Several VisionPro tools use a proprietary form of the Random sample consensus (RANSAC) algorithm to fit some form of desirable geometry to a set of observed data in your runtime images. For example, a LineMax tool uses the algorithm to locate the road markings in a runtime image based on found edge points as shown:
For more information on the RANSAC algorithm, see:
Random Sample Consensus: A Paradigm for Model Fitting with Application to Image Analysis and Automated CryptographySee the following sections for more information:
The algorithm must differentiate betweeen inliers, which is data whose distribution can be explained by some set of model parameters, and outliers, which are data that do not fit the model. Given a set of inliers, the algorithm can estimate the geometry that optimally fits this data. The following figure shows a set of inliers and outliers for a given set of data:
The following VisionPro classes can access the adaptive RANSAC algorithm depending on how they are configured:
| Class | Description |
| CogLineMax | Returns candidate line segments that meet the requirements specified by its properties such as Polarity and CoverageThreshold. |
| Cog3DRangeImagePlaneEstimator | Find the best fitting plane to pixels in a 3D range image determined by using a region or specified 2D point locations. |
| Cog3DCircleFitterUsing3DPoints | Computes the pose of a 3D circle based on the specified 3D input points. |
| Cog3DLineFitterUsing3DPoints | Computes the pose of a 3D line based on the specified 3D input points. |
| Cog3DPlaneFitterUsing3DPoints | Computes the pose of a 3D plane based on the specified 3D input points. |
All of these classes directly or indirectly access the following properties of the Cog3DRobustFitParameters class:
DistanceTolerance: The maximum allowable distance between an inlier and the desired model the tool will return. A point is considered an outlier if its distance in client units to the model is greater than this value.

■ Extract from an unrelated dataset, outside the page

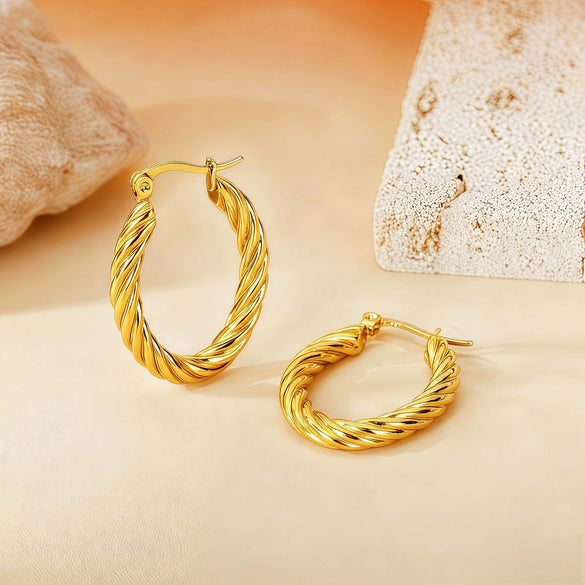 Wholesale Titanium Steel Women's Geometric Earrings Fashion Elegant Stereo Highend Polish Style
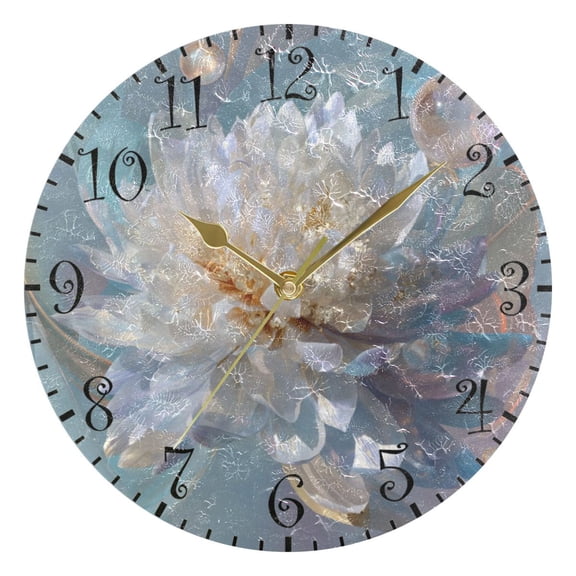 10" Artistic Round Wall Decorative Desk Clock Wall Clock Home Decor Large Flower in Full Bloom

As you increase the distance tolerance, you allow the tool to consider more data points as inliers and change the location of the found model.
Assurance: The desired likelihood that the computed fit contains inliers only. The higher the value, the more likely it will be that the returned model contains only inliers.
The usage of this property varies between the CogLineMax tool and the Cog3DRangeImagePlaneEstimator tool:
For a Cog3DRangeImagePlaneEstimator tool, the default value is 1. If you configure your Cog3DRangeImagePlaneEstimator tool to use the adaptive RANSAC option (through the RobustFitTechnique option), the tool will exhaustively evaluate the inliers and outliers for every possible 3D plane, which can potentially result in very large execution times.
The legal range for the Assurance property is greater than 0 but less than or equal to 1.
For a CogLineMax tool, the default value is 0.9999, which indicates that you expect to receive an optimal result from the tool 9,999 times in 10,000, but you will accept a less than optimal result 1 time in 10,000.
The legal range for the Assurance property is greater than 0 but less than 1.
Use this property to tradeofff speed versus reliability. Reducing the value makes the tool faster but less accurate, while increasing the value makes the tool more accurate but slower. The property specifies the success rate you can settle for in order to avoid excessive execution times.
WorstCaseProportionOutliers: The worst case proportion of outliers expected in the points used for model fitting. If, for example, you expect 7 out of every 10 input points to be an outlier, then this parameter should be set to 0.7.
This property is available directly through the Cog3DRobustFitParameters class only and has no analog in the API for the CogLineMax tool.
This value must be greater than or equal to 0, and it must be less than 1.
In the adaptive RANSAC approach, the number of attempts to fit the data to a desired geometric model is computed flexibly. Given a set of data and values for DistanceTolerance, Assurance and WorstCaseProportionOutliers, the algorithm performs the following steps:
- Compute the number of attempts based on WorstCaseProportionOutliers.
- Randomly select a sample of data points from the total set, using the minimum number of points to instantiate the other parameters of this model.
- Identify all the points that are within the DistanceTolerance. These points are considered inliers.
- Set WorstCaseProportionOutliers to be the number of outliers divided by the total number of data points.
- Recompute the number of attempts based on WorstCaseProportionOutliers and Assurance.
- If the total number of attempts so far exceeds the number of attempts just computed, terminate the algorithm. Otherwise, repeat steps 2 - 6.
- Re-estimate the model using all inliers.
- Refine the model by recategorizing the data points as inliers and outliers and fitting to the inliers.
- Repeat the previous step for a maximum of three times or until the number of inliers ceases to increase.